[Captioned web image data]
________________________________________

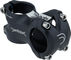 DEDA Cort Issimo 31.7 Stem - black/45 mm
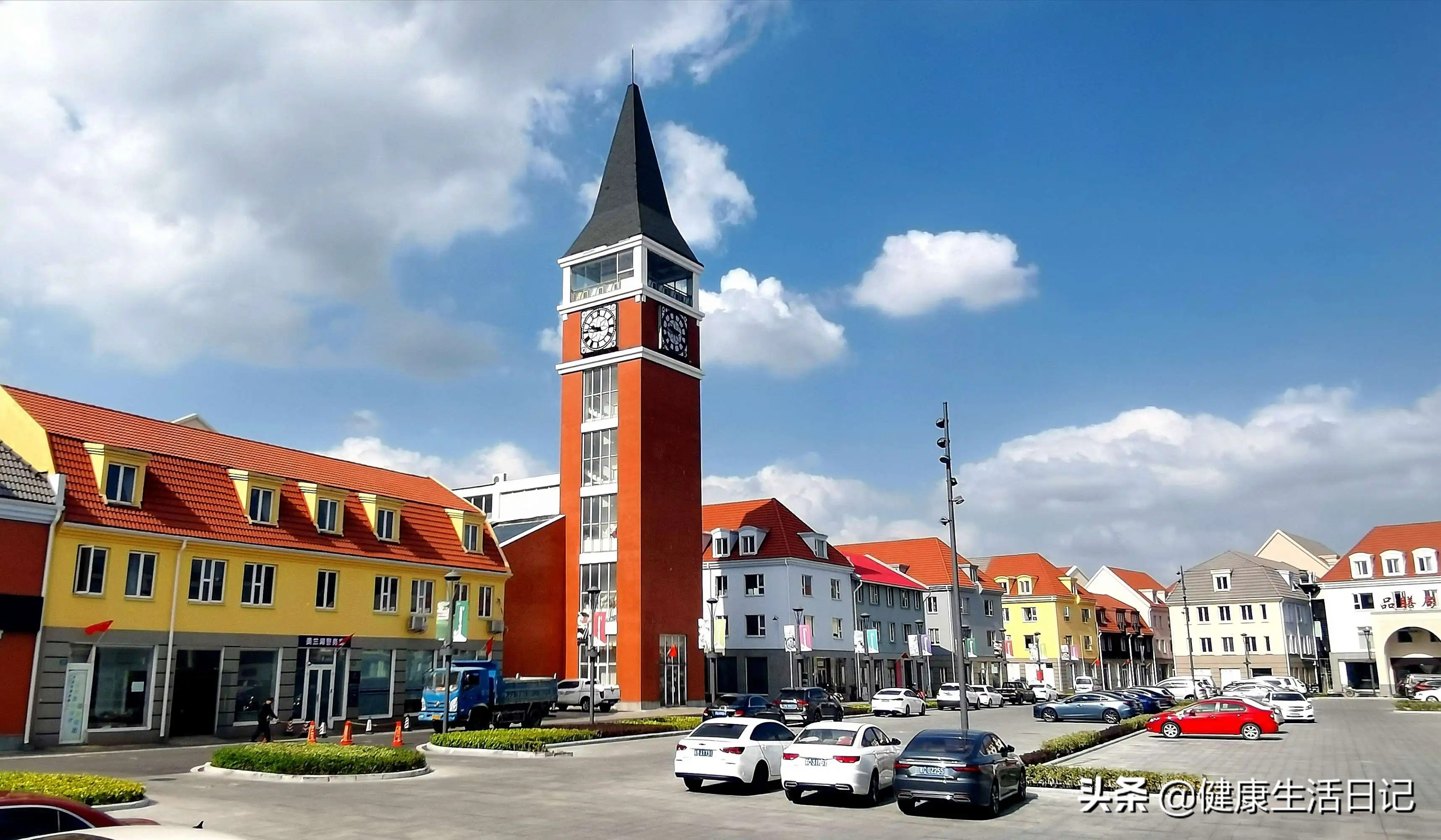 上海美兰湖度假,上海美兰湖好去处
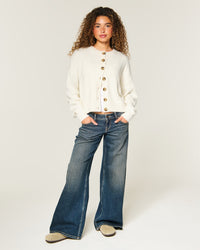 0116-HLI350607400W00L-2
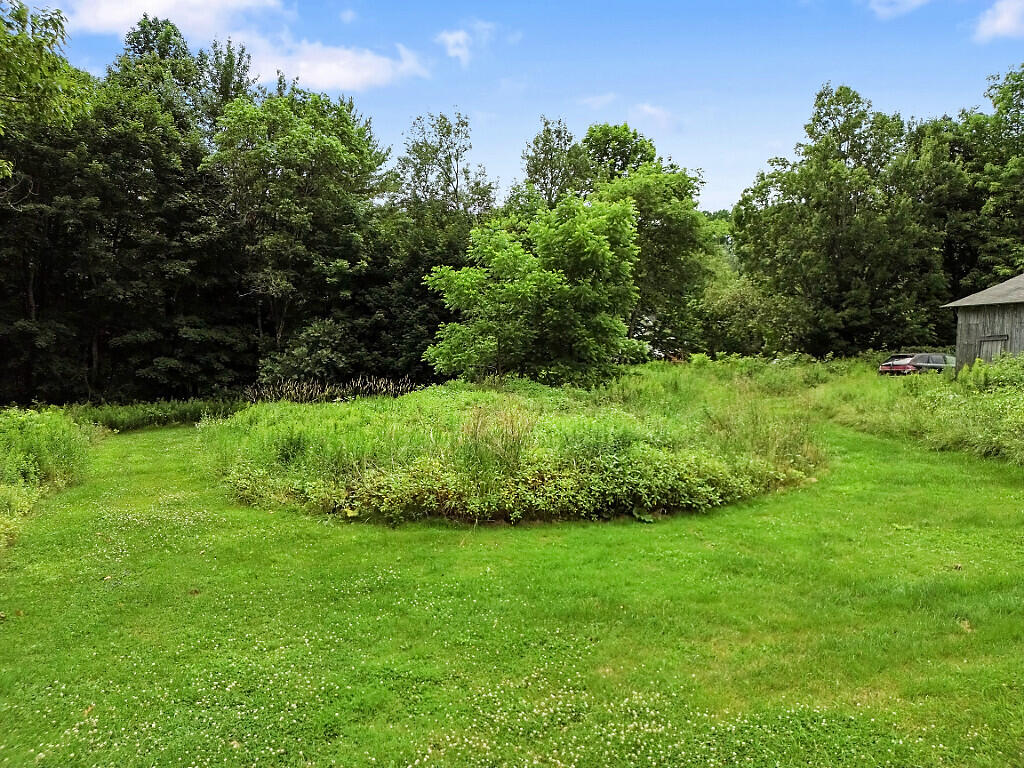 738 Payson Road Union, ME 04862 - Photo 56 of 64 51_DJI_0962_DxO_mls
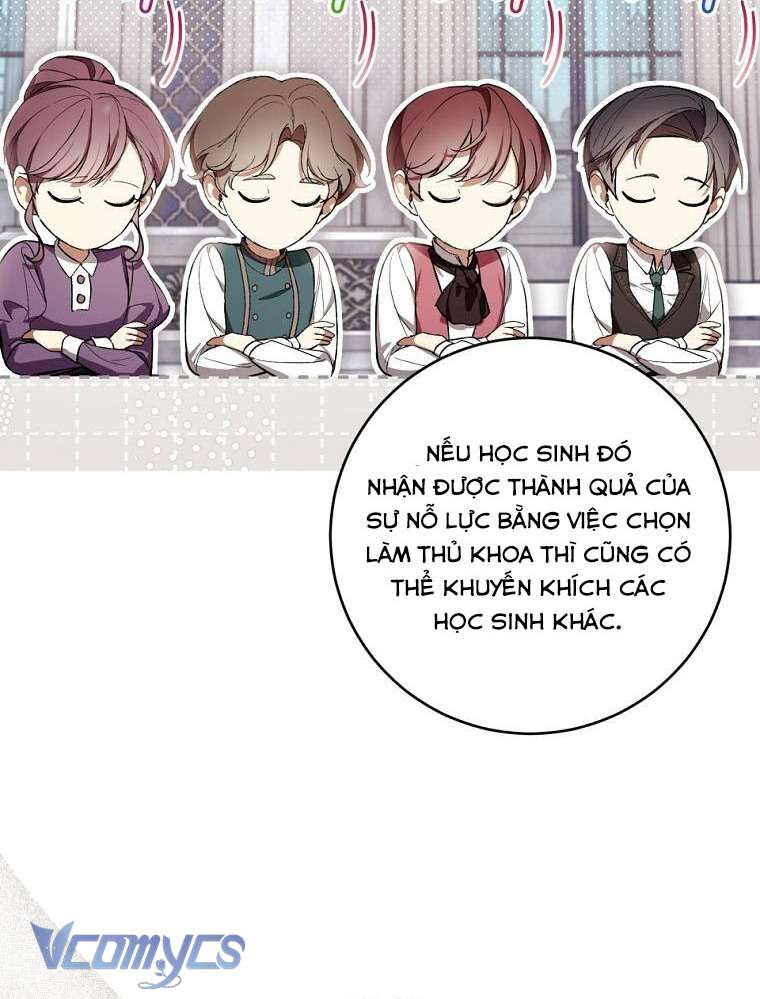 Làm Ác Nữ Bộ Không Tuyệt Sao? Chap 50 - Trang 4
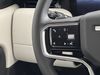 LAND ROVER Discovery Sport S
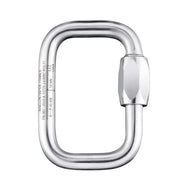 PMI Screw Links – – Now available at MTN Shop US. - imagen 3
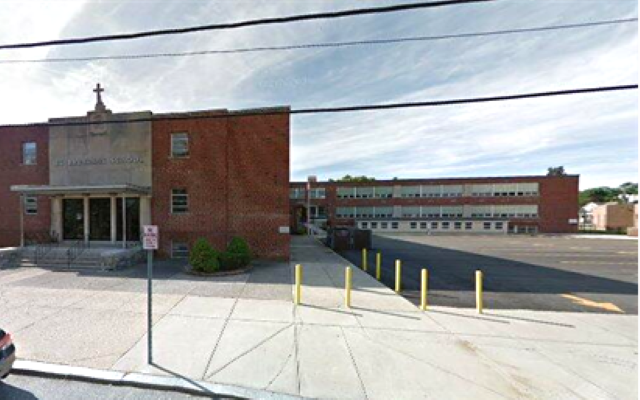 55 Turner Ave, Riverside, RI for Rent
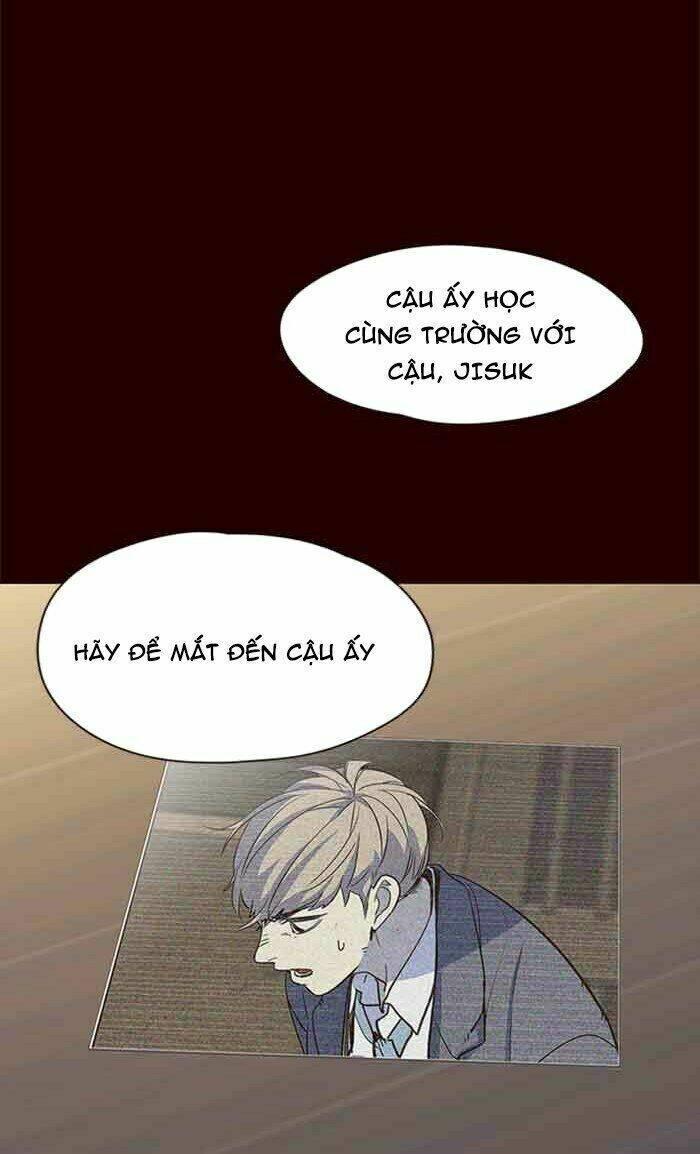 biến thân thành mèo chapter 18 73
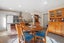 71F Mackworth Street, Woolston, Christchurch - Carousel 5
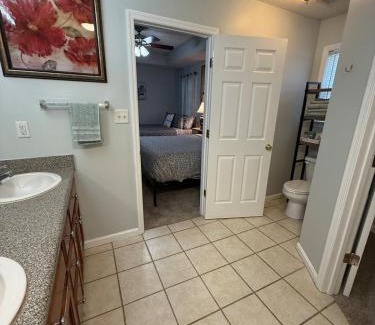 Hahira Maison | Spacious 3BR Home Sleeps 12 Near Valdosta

________________________________________

### TO DO
Without any pictures, return the entries exactly as given.

### TASK RESPONSE
 DEDA Cort Issimo 31.7 Stem - black/45 mm
 上海美兰湖度假,上海美兰湖好去处
 0116-HLI350607400W00L-2
 738 Payson Road Union, ME 04862 - Photo 56 of 64 51_DJI_0962_DxO_mls
 Làm Ác Nữ Bộ Không Tuyệt Sao? Chap 50 - Trang 4
 LAND ROVER Discovery Sport S
 PMI Screw Links – – Now available at MTN Shop US. - imagen 3
 55 Turner Ave, Riverside, RI for Rent
 biến thân thành mèo chapter 18 73
 71F Mackworth Street, Woolston, Christchurch - Carousel 5
 Hahira Maison | Spacious 3BR Home Sleeps 12 Near Valdosta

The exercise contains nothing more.